# pro handling question



## frostfirestandards (Jun 18, 2009)

if a dog has to be with the handler for a long time does it recognise its owners when it gets back?
has anyone had a dog come back with a different disposition (like it was crated all the time doing the puppy mill dance, or more friendly/outgoing) just what does shipping a dog off do to the dog emotionally

I have only handled my own dogs so im just curious


----------



## spoospirit (Mar 10, 2009)

_This is a great question and I am anxious to see the answers as well.
_


----------



## cbrand (Aug 9, 2009)

Sabrina was only gone for a month, so I'm not sure that I'm of any help. 

I do know that Poodles never forget their owners. It is actually a problem when owners turn up to watch their dogs show because if the dogs spot them, the dogs sometimes get overly focused on their owners and don't show well.


----------



## KalaMama (Nov 20, 2009)

I don't think the dog will forget the owner if there was already a bond established. As far as the handler, you really need to know a lot about them and how they treat their dogs.
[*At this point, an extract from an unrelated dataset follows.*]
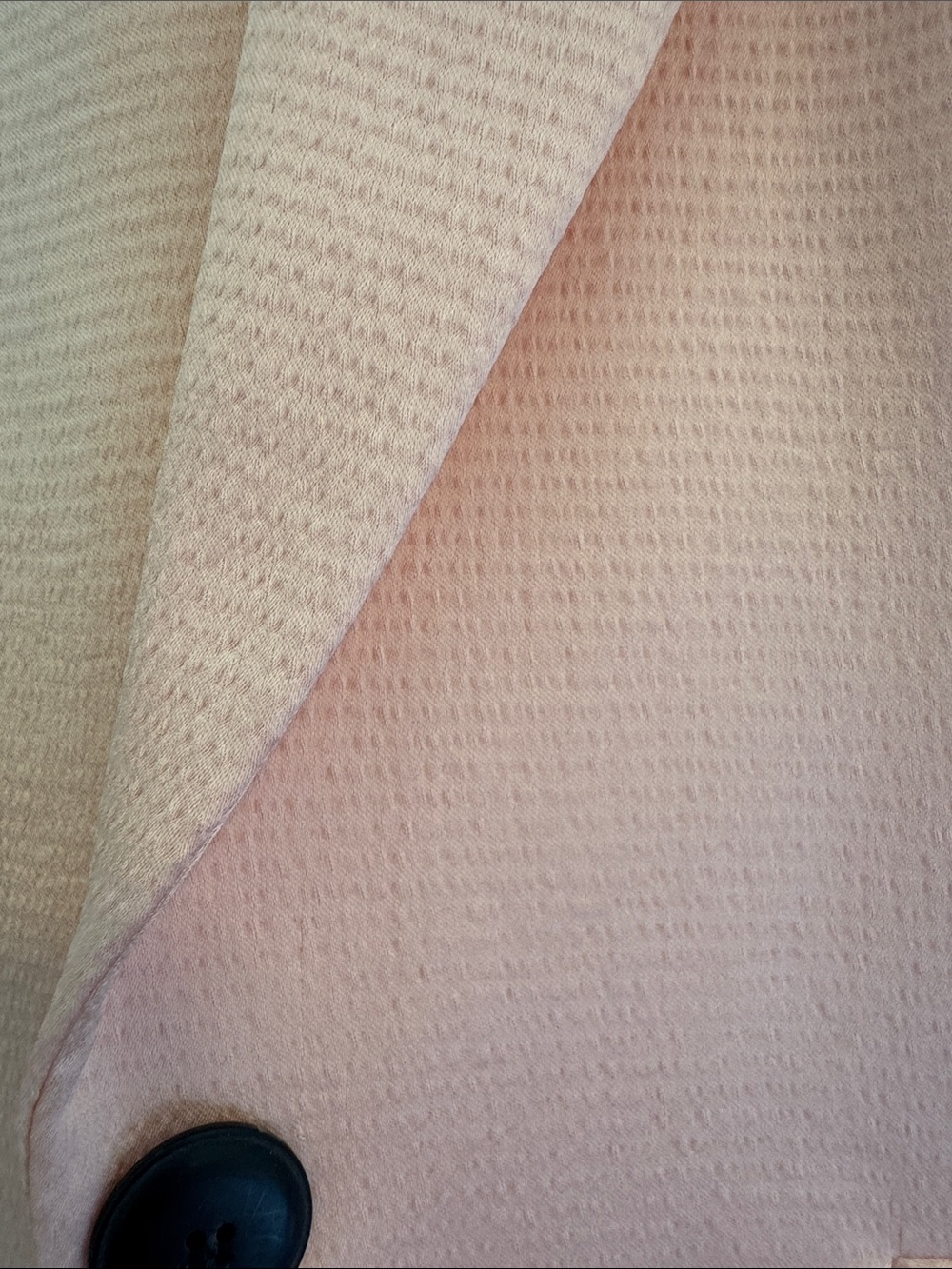 Vince Camuto Peach Blush Pantsuit Set - Picture 10 of 12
Get references or look on their site and see what dogs they have and contact those people for references on how their dogs were treated. Beware of a handler that agrees to take your dog on without seeing them (at least in video)- I believe a good handler wants to show a dog they feel could win not just show for the money-my opionion of course. Try to choose one that is well versed in your breed or at least group. Visit their facility when possible.


----------



## Poodlepal (Nov 1, 2009)

They do NOT forget their owners at ALL! Now, there are *some* dogs who don't really *know* their owners because they are sent off as young puppies and live with the handler for a year or more. But the average dog who goes out for several months at a time or less, you can bet they remember their owner and are *so* happy to return home. There shouldn't be any major change in the dog. They may be suspicious and anxious of being left again, but if a dog is treated correctly there won't be lasting changes.


----------